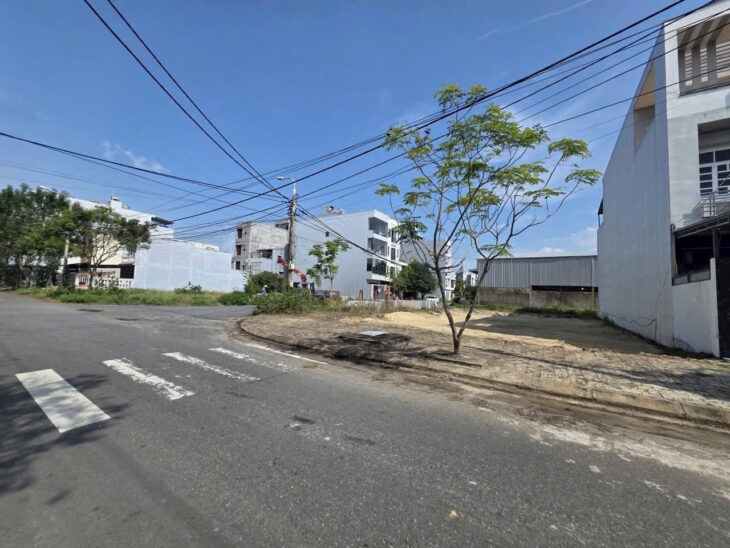 HÀNG HÓT – Lô sát góc Đường Nguyễn Cơ Thạch – Khu Phố Sơn Thuỷ. LH 0905233234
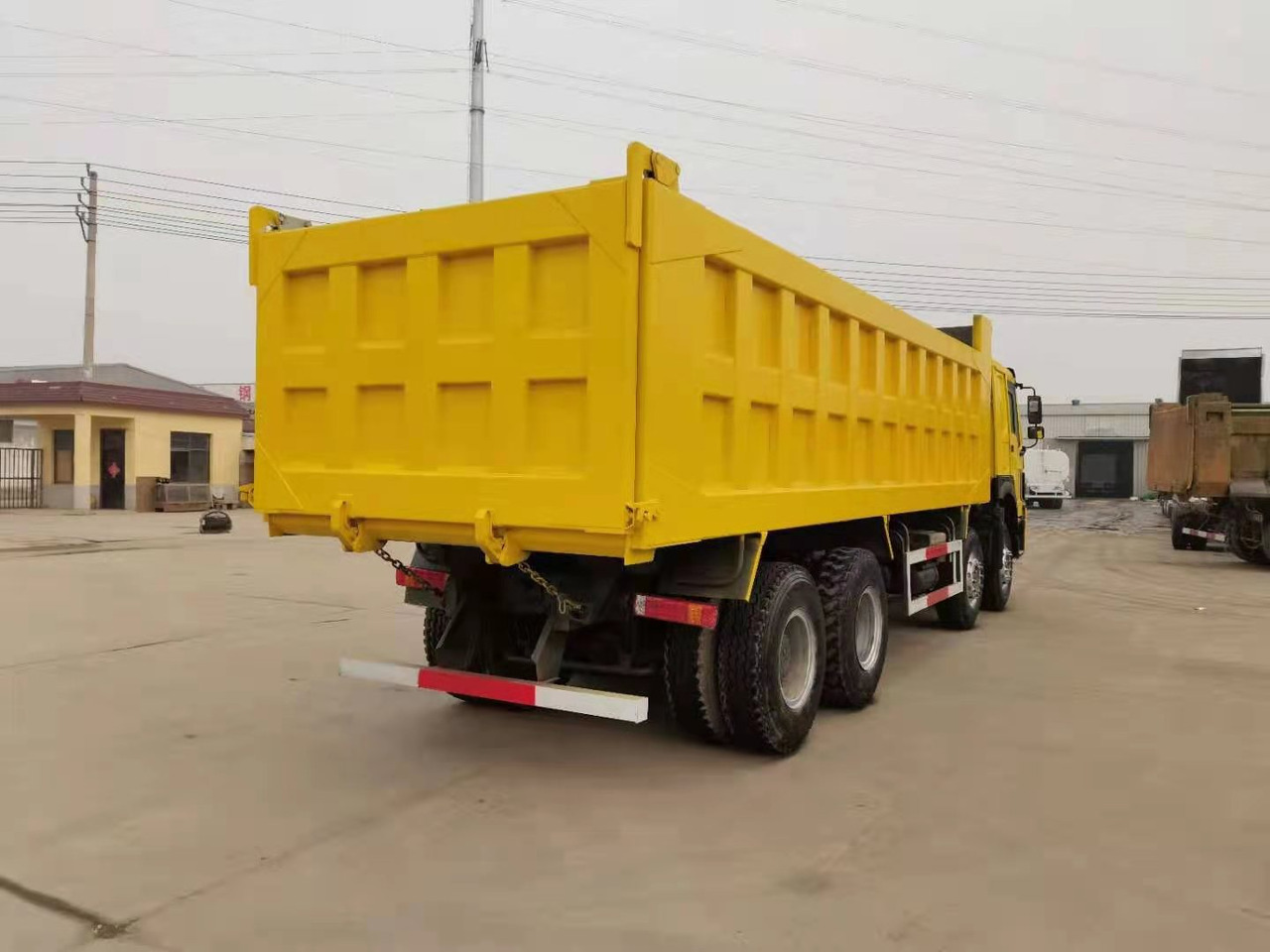 SINOTRUK HOWO - Camion benne: photos 1 SINOTRUK HOWO - Camion benne: photos 1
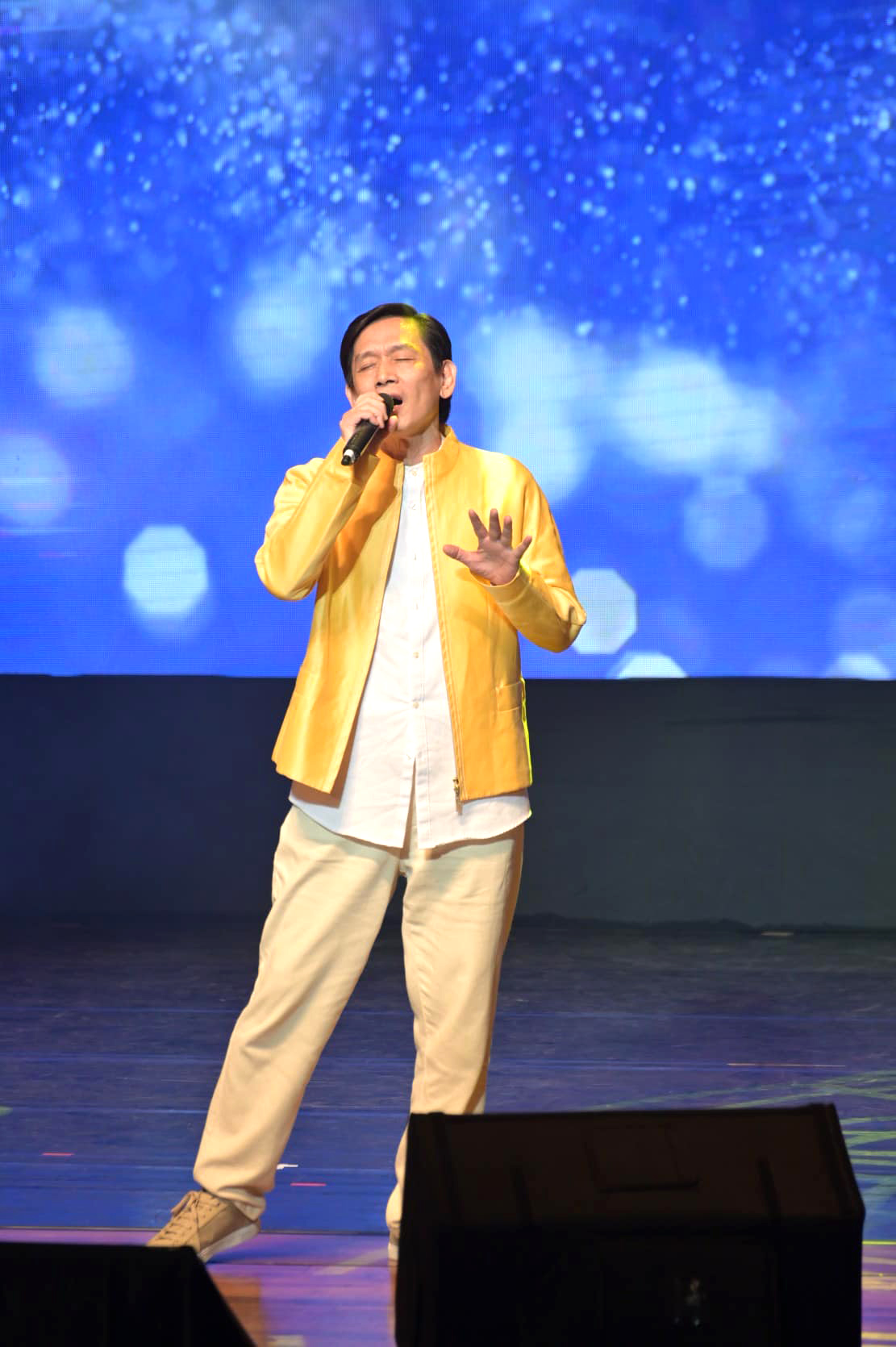 金曲歌王殷正洋演唱民歌組曲。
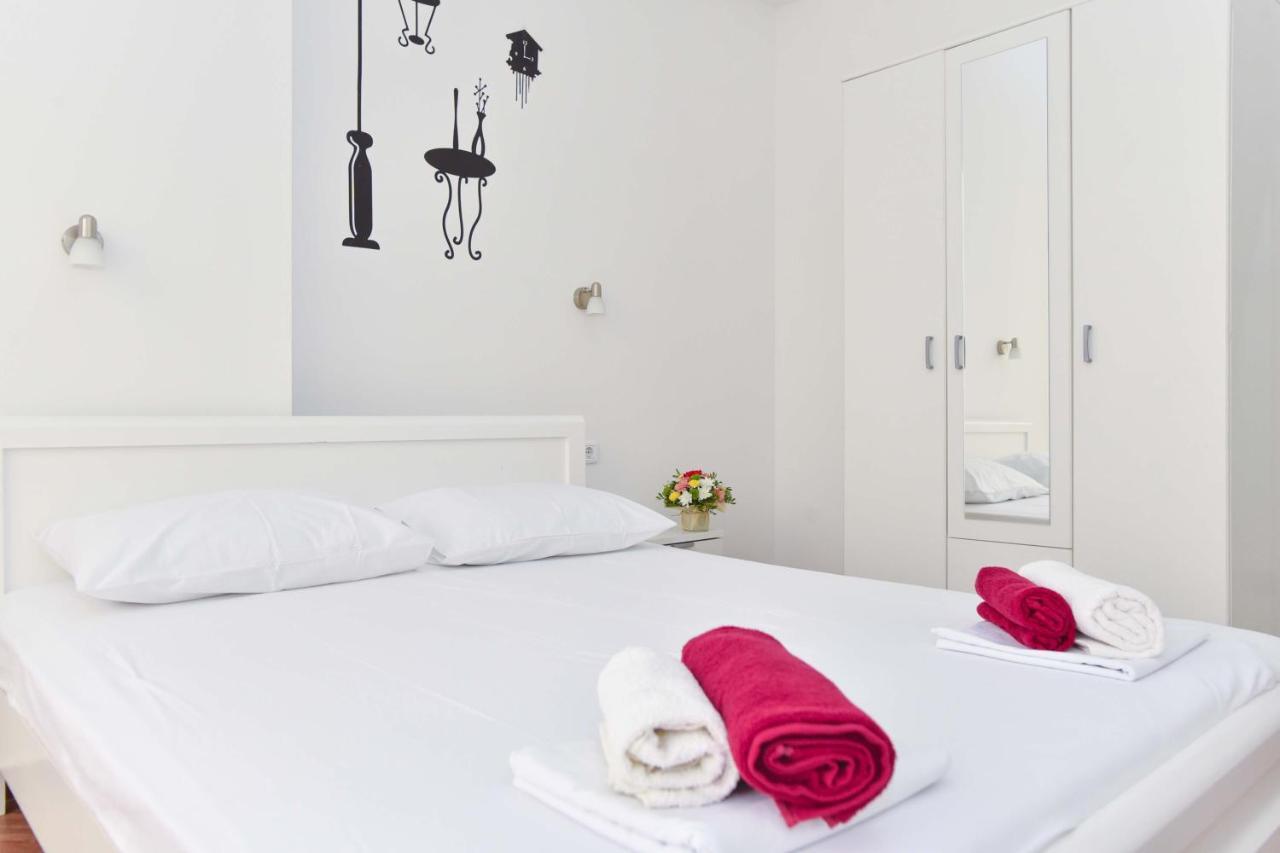Victoria Center Apartment *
━━━━━━━━━━━━━━━━━━━━━━━━━━━━━━
Lines from the one that contains "SINOTRUK HOWO - Camion benne: photos 1 SINOTRUK" to the final line of the material are the whole answer. Reproduce them word for word and skip the pictures.

 SINOTRUK HOWO - Camion benne: photos 1 SINOTRUK HOWO - Camion benne: photos 1
 金曲歌王殷正洋演唱民歌組曲。
Victoria Center Apartment *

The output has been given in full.